When we are doing data analysis, we sometimes want to perform multiple levels of aggregation to allow ourselves to 'zoom' in and out to different depths. In this case, we might be looking at each facility's overall usage, but then want to dive in to see how they've performed on a per-month basis. Using the SQL we know so far, it's quite cumbersome to produce a single query that does what we want - we effectively have to resort to concatenating multiple queries using UNION ALL:

select facid, extract(month from starttime) as month, sum(slots) as slots
    from cd.bookings
    where
        starttime >= '2012-01-01'
        and starttime < '2013-01-01'
    group by facid, month
union all
select facid, null, sum(slots) as slots
    from cd.bookings
    where
        starttime >= '2012-01-01'
        and starttime < '2013-01-01'
    group by facid
union all
select null, null, sum(slots) as slots
    from cd.bookings
    where
        starttime >= '2012-01-01'
        and starttime < '2013-01-01'
order by facid, month;

As you can see, each subquery performs a different level of aggregation, and we just combine the results. We can clean this up a lot by factoring out commonalities using a CTE:

with bookings as (
	select facid, extract(month from starttime) as month, slots
	from cd.bookings
	where
		starttime >= '2012-01-01'
		and starttime < '2013-01-01'
)
select facid, month, sum(slots) from bookings group by facid, month
union all
select facid, null, sum(slots) from bookings group by facid
union all
select null, null, sum(slots) from bookings
order by facid, month;

This version is not excessively hard on the eyes, but it becomes cumbersome as the number of aggregation columns increases. Fortunately, PostgreSQL 9.5 introduced support for the ROLLUP operator, which we've used to simplify our accepted answer.
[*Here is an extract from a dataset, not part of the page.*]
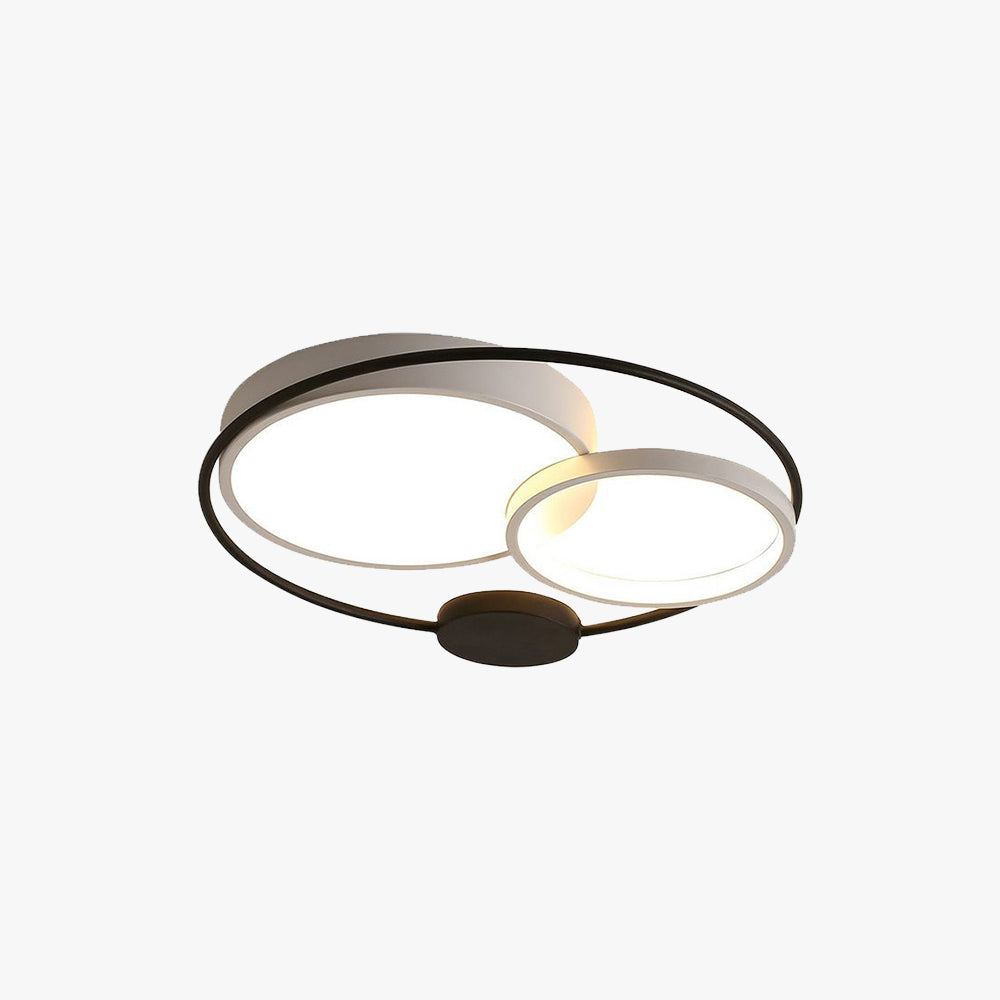 Lacey Moderne Design LED Plafondlamp Acryl Slaapkamer Woonkamer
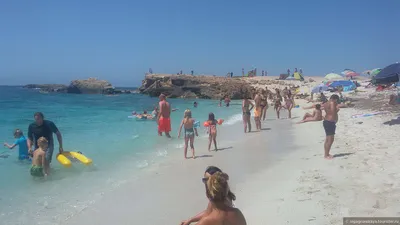 5 красивых пляжей на юге Сардинии — Виллы и апартаменты на Сардинии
ROLLUP produces a hierarchy of aggregations in the order passed into it: for example, ROLLUP(facid, month) outputs aggregations on (facid, month), (facid), and (). If we wanted an aggregation of all facilities for a month (instead of all months for a facility) we'd have to reverse the order, using ROLLUP(month, facid). Alternatively, if we instead want all possible permutations of the columns we pass in, we can use CUBE rather than ROLLUP. This will produce (facid, month), (month), (facid), and ().

ROLLUP and CUBE are special cases of GROUPING SETS. GROUPING SETS allow you to specify the exact aggregation permutations you want: you could, for example, ask for just (facid, month) and (facid), skipping the top-level aggregation.

Look up Postgres' ROLLUP operator.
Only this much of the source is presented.